• **The task**
Starting at the line holding "BELLIFFY 4 Stück" and finishing at the line holding "Globe Award on", transcribe the material exactly, keeping both ends but no pictures.

• **Task data**
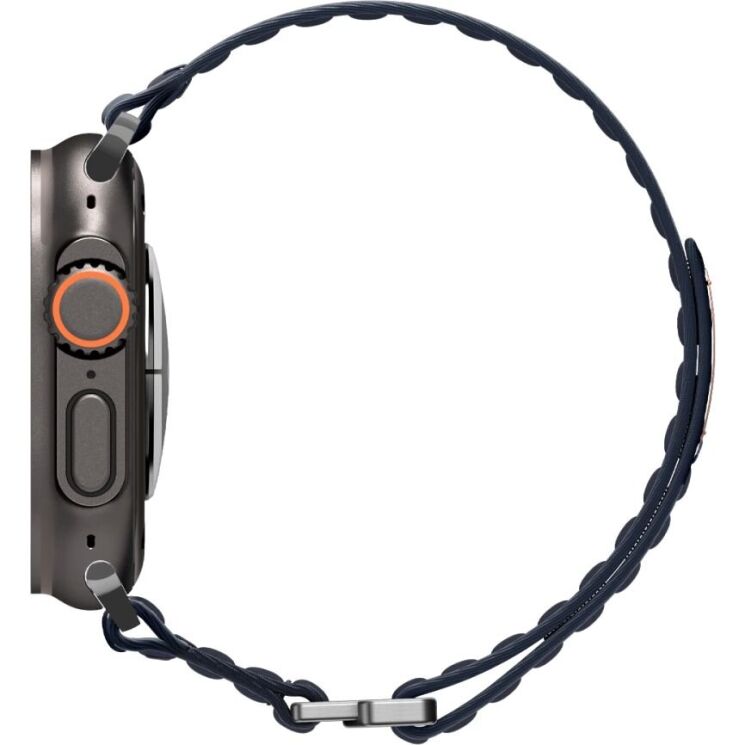 Ремінець Spigen WBF0 для Apple Watch 42 / 44 / SE 44 / 45 / Ultra / Ultra 2 / Ultra 3 (49mm) AMP10143 - Navy: фото 3 з 18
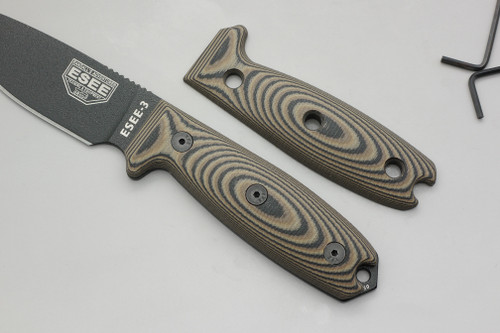 TKC: COMPACT G10 Handle for ESEE 3 / ESEE 4 - Earth Camo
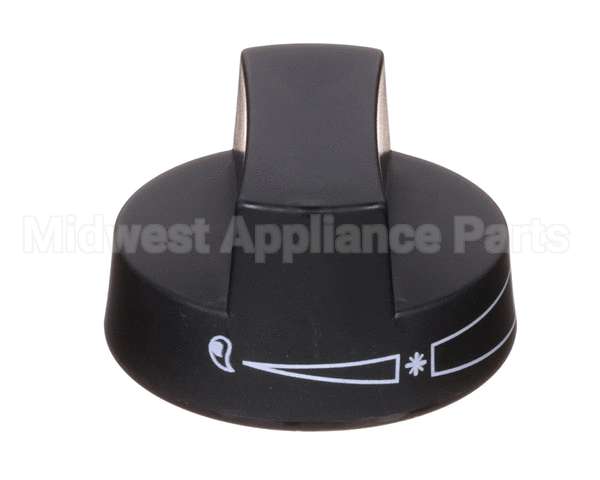 2080 Crown Verity Knob, Black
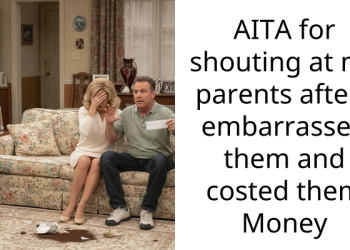 AITA for shouting at my parents after i embarra*sed them and costed them Money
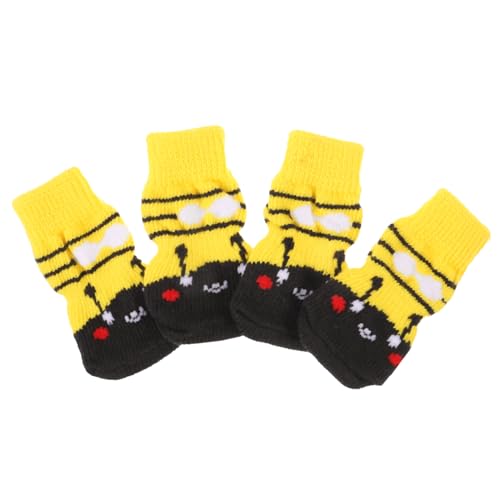 BELLIFFY 4 Stück Haustier Socken Pfote Krallen Socken Für Hund Hundesocke Austauschbare Haustiersocken Tragbare Socken Für Haustiere Welpenbedarf Abriebfeste Baumwollsocken Baumwolle von BELLIFFY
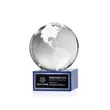 Globe Award on Hancock Base - Blue | https://www.bestnamebadges.com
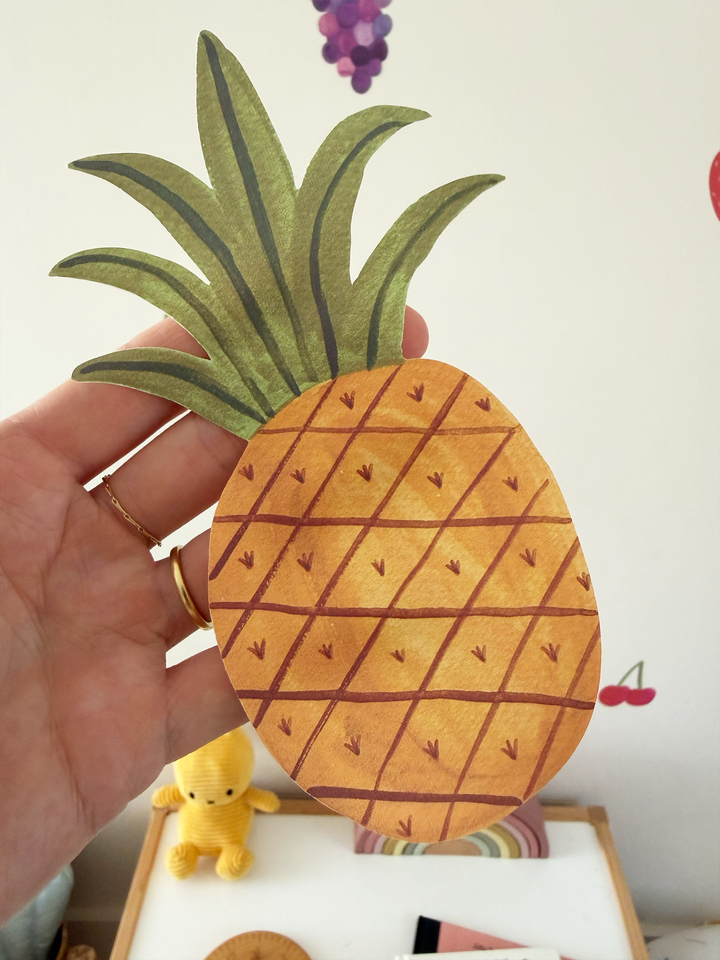 Fruit / Fabric Wall Stickers
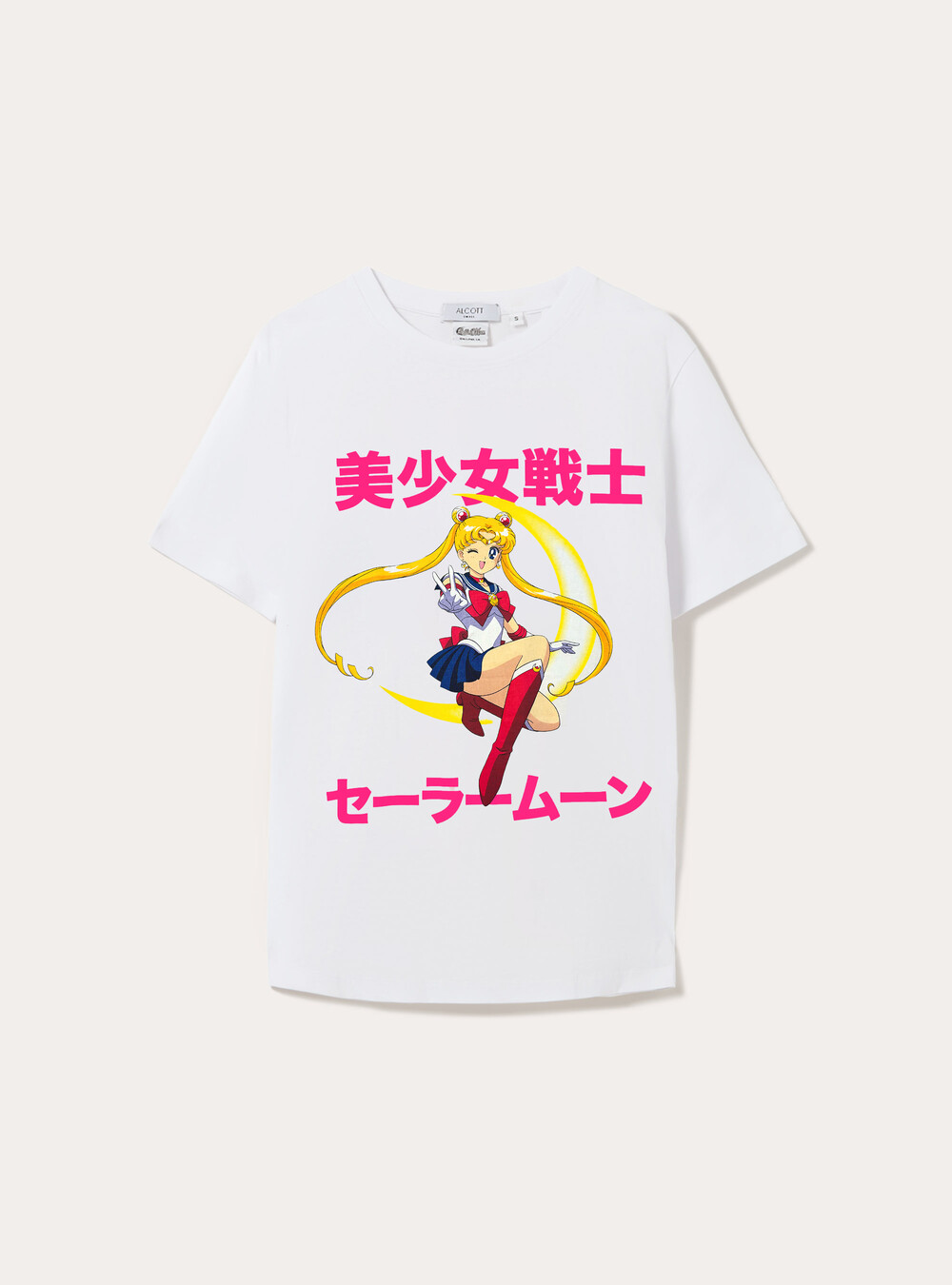 Camiseta Sailor Moon - 100% Algodón, Unisex Adultos, Manga Corta, Impresión DTF De Alta Calidad, Hecha En Italia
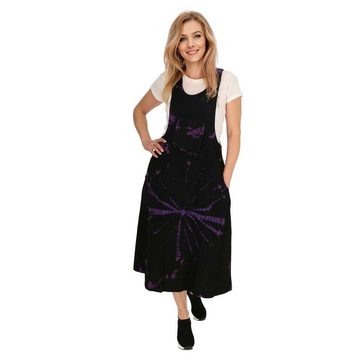 KUNST UND MAGIE Latzhose Latzkleid bunt Tie Dy Batik Boho Ibiza 70er Overall Hippie Sommerkleid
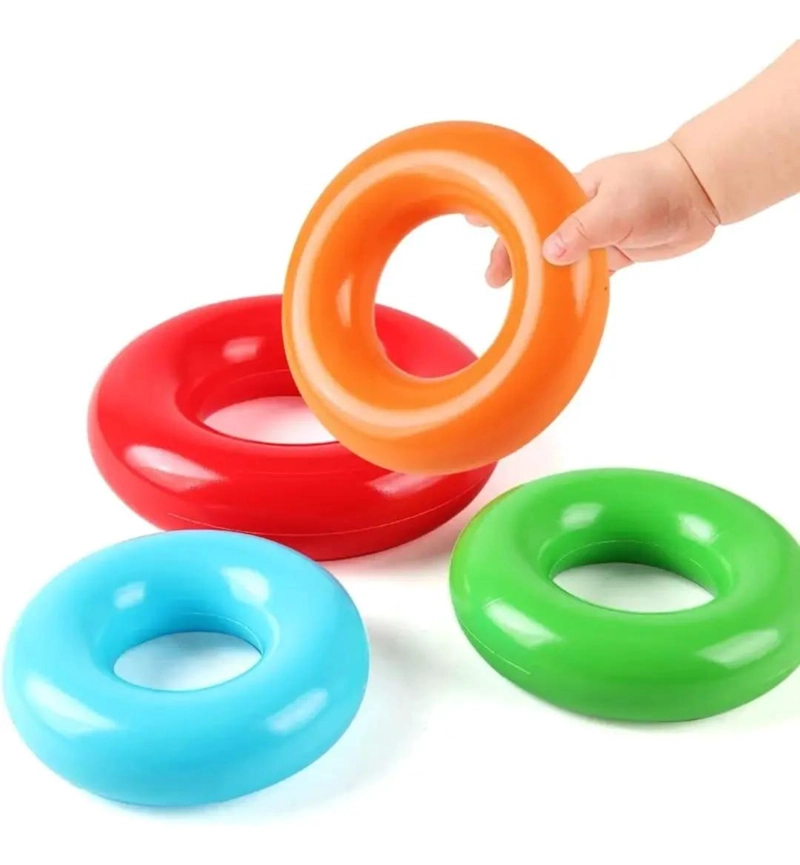 TORRE APILADORA DE ANILLOS MULTICOLOR PARA BEBE S - 4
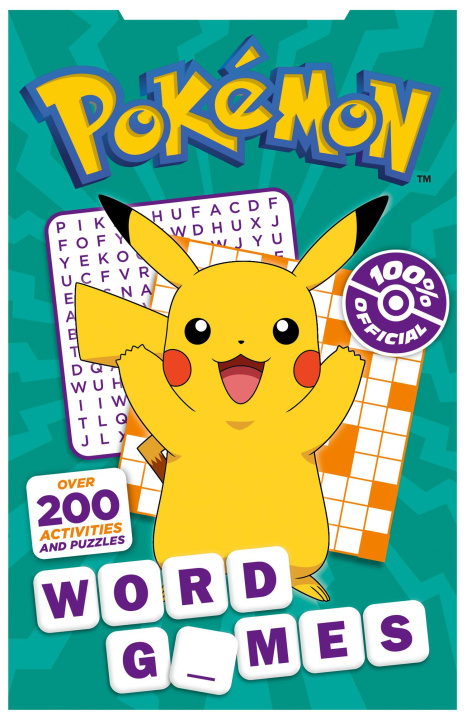 Kniha Pokemon Word Games Pokemon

• **Solution below**
 BELLIFFY 4 Stück Haustier Socken Pfote Krallen Socken Für Hund Hundesocke Austauschbare Haustiersocken Tragbare Socken Für Haustiere Welpenbedarf Abriebfeste Baumwollsocken Baumwolle von BELLIFFY
 Globe Award on Hancock Base - Blue | https://www.bestnamebadges.com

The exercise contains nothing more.